Contract Enforceable

If you own or operate a business, you enter into contracts on a regular basis, perhaps many times every day. In this series of blogs, we’ll look at the elements of a valid and enforceable contract:

  • An agreement — There must be offer and acceptance
  • Consideration — Both parties must give something or promise to refrain from doing something they have a right to do
  • Capacity — Both parties must have the legal capacity to enter into the agreement
  • Volition — The parties must voluntarily agree to the terms of the contract
  • Legality — The subject matter must be legal

The Agreement

The first requirement of a valid and enforceable contract is that there must be an agreement. There must be at least two parties, but there’s no upper limit to the number of parties to a contract.

An agreement requires two things—an offer and an acceptance. Though there are certain types of contracts that must be in writing to be enforceable—we’ll address this in a later blog on the Statute of Frauds—most oral offers are sufficient and can be accepted orally, forming a binding contract. There are some situations where what appears to be an offer may not be an offer:

  • Where the offer is clearly made in jest — “I’ll pay you million dollars for that sandwich”.
  • Where the language is clearly exploratory — “Would you consider $500 for that guitar?”

Under contract law, the terms of the offer must be clear and definite, such that a reasonable person would know what his or her obligations would be under the agreement.

As a general rule, a valid offer remains open until revoked by the person making the offer. A counteroffer, though, legally revokes the original offer and becomes a new offer, with new terms. In addition, if the offer states a specific time within which it must be accepted, the offer is no longer valid once that period expires.

Acceptance of an Offer

To accept an offer, a person must clearly communicate acceptance of its terms and a willingness to be bound.
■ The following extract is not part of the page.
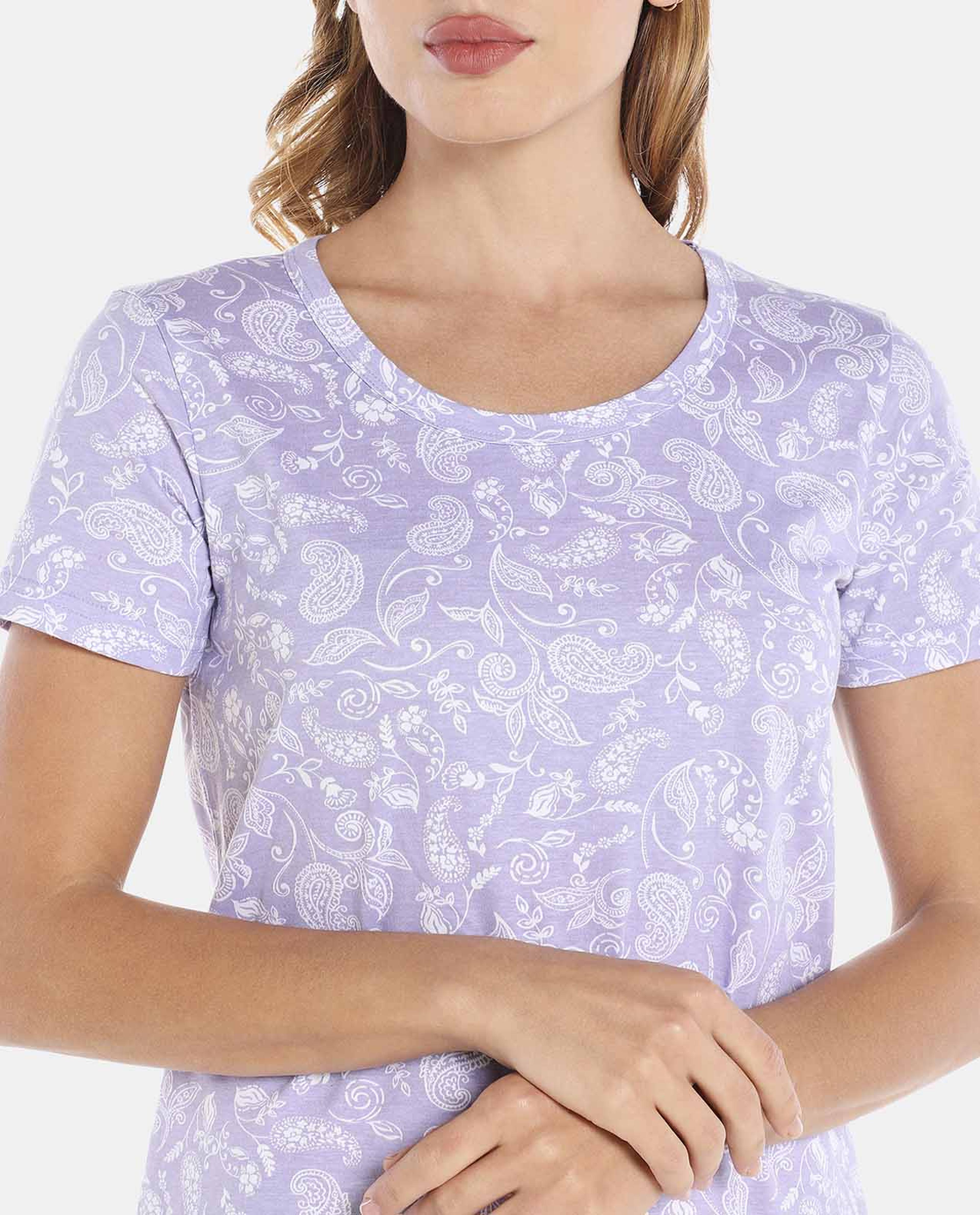 Lilac Printed Round Neck Nightdress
A person cannot accept an offer that has been revoked. Acceptance can be made orally or in writing, unless the terms of the offer require a specific form of acceptance. Once the offer has been accepted, it cannot be revoked.

In most instances, in what is referred to as a bilateral contract, the person accepting the offer promises to abide by the terms of the offer. However, the law recognizes what is known as a “unilateral” contract, essentially the exchange of a promise for an act. A reward is the classic example of a unilateral contract—a promise of a payment of money for the return of a lost item is enforceable when the act is performed, and does not require any other form of acceptance of the offer.